Hoy no es uno de mis mejores días, y no, no estoy en esos días, aquel engorro dejó de visitarme hace ya bastantes años, es que esta noche no he dormido nada bien. Me despertó de madrugada una especie de pesadilla: Reme y yo discutíamos acaloradamente sobre la amnistía en Cataluña, yo me manifestaba en contra, ella a favor, y en el sueño, mientras hablaba, no era capaz de reconocer, como míos, los argumentos con los que debatía, tampoco podría repetir los que ella defendía, porque, en realidad, lo que me desasosegaba del sueño no eran nuestras palabras ni los distintos razonamientos planteados, sino la disputa en sí.

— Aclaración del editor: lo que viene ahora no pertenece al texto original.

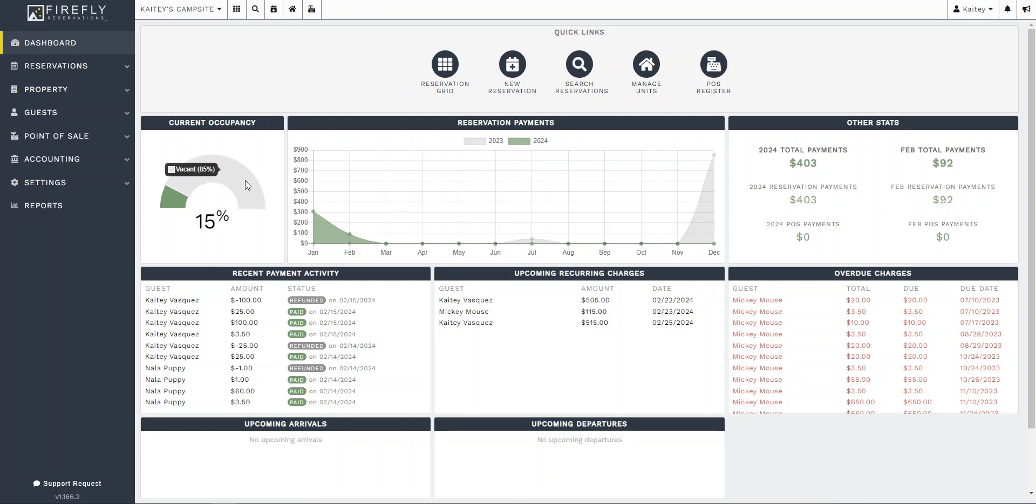As we come down here to the reports, some are just a high-level park overview you might not need day to day. For example, your occupancy. You see a month over time trend of reservation payments and then some other statistics here as well.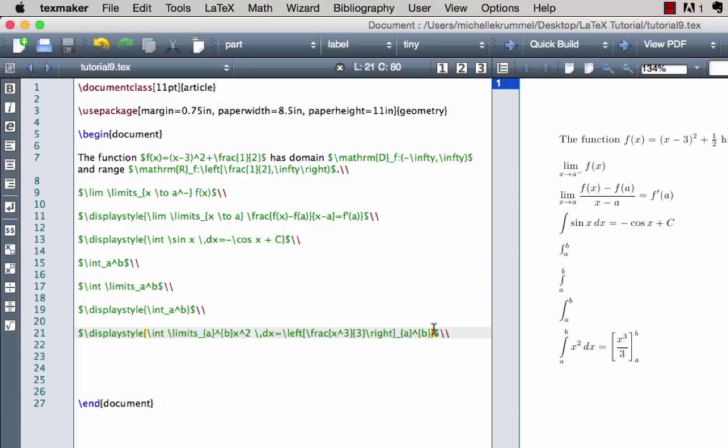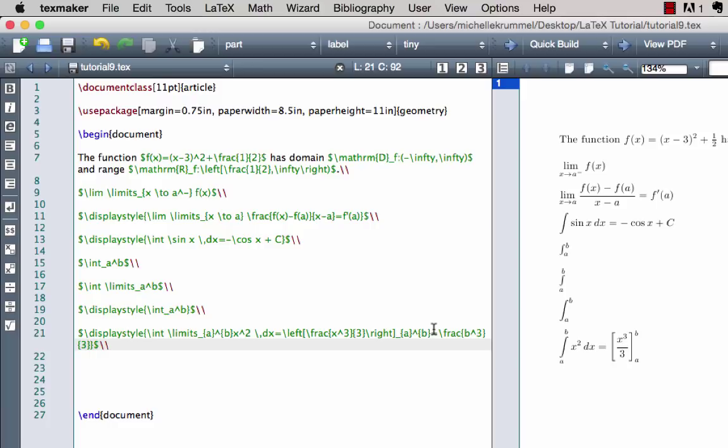Let's finish evaluating the integral: that equals \frac{b^3}{3} minus \frac{a^3}{3}.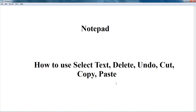So to start with this, I just want to tell you: select text, delete, undo, cut, copy, paste — these are basic needs. Let's see how we can apply this.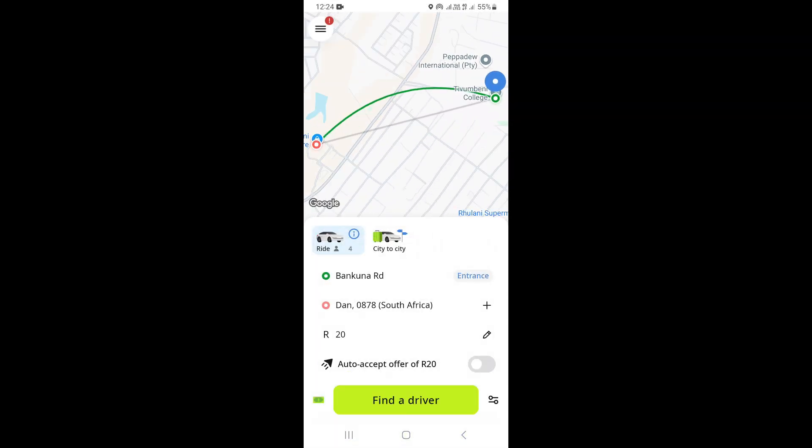The last thing you need to do is click on 'Find a Driver'. That's going to find a driver that is interested. You can then review the drivers that are interested and choose the driver you want. That's how you can book a ride for someone else on InDrive.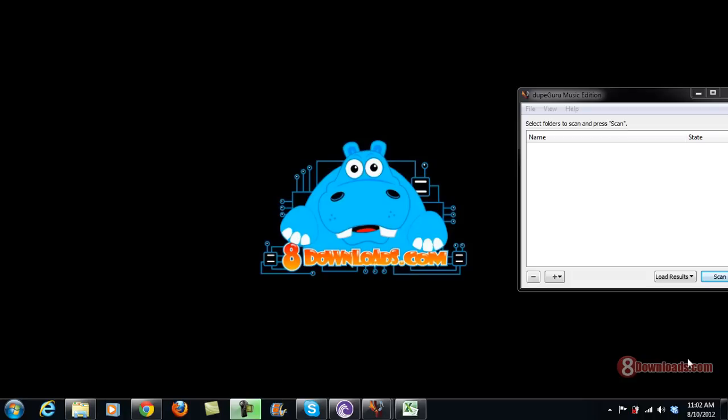Good day and welcome again to another 8downloads.com software preview. This is Chris and today we're going to answer a question: how to use DukeGuru.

El caso es que una vez despierta, con mis facultades de raciocinio recuperadas, sigo sin entender por qué tomábamos, oníricamente se entiende, posturas tan dispares cuando, por lo general, solemos estar bastante de acuerdo en temas políticos y sociales y, además, mi yo real no es, en absoluto, de esa opinión, ni tampoco de la contraria.

Pero, sea por el motivo que fuere, me he despertado muy alterada, el corazón latiéndome con fuerza, y ya no he podido volver a dormir. Entonces, he empezado a dar vueltas y vueltas en la cama, con pensamientos extraños y desconcertantes acudiendo a mi mente a su libre albedrío. Me ha dado por reflexionar sobre el porqué de un sueño tan absurdo; ya sé que casi siempre lo son, pero a veces tienen un porqué que hay que escudriñar. Así pues, tras varios giros de molino y bastantes suspiros, todos los que no he podido contener para no despertar a Salvador, he llegado a la conclusión de que el problema entre Reme y yo no es para nada la amnistía, ni ninguna otra discrepancia política, sino que algo mucho más personal debe estar ocurriendo entre nosotras.

Hasta este instante no me había dado cuenta de que desde hace demasiado tiempo no nos vemos ni hablamos. He intentado recordar cuándo fue la última vez que nos vimos. Fue un viernes por la noche, dos meses atrás, que salimos a cenar, con Salvador, Alberto, su pareja, y otros amigos, y creo que sí, ese día ocurrió algo. Desde hace un tiempo, tengo la sensación de que Alberto suele hablarle a Reme con cierta agresividad, con un tono sarcástico nada divertido y, en aquella ocasión, le lanzó uno de esos comentarios desagradables directamente dirigido a ella, no recuerdo exactamente cuál.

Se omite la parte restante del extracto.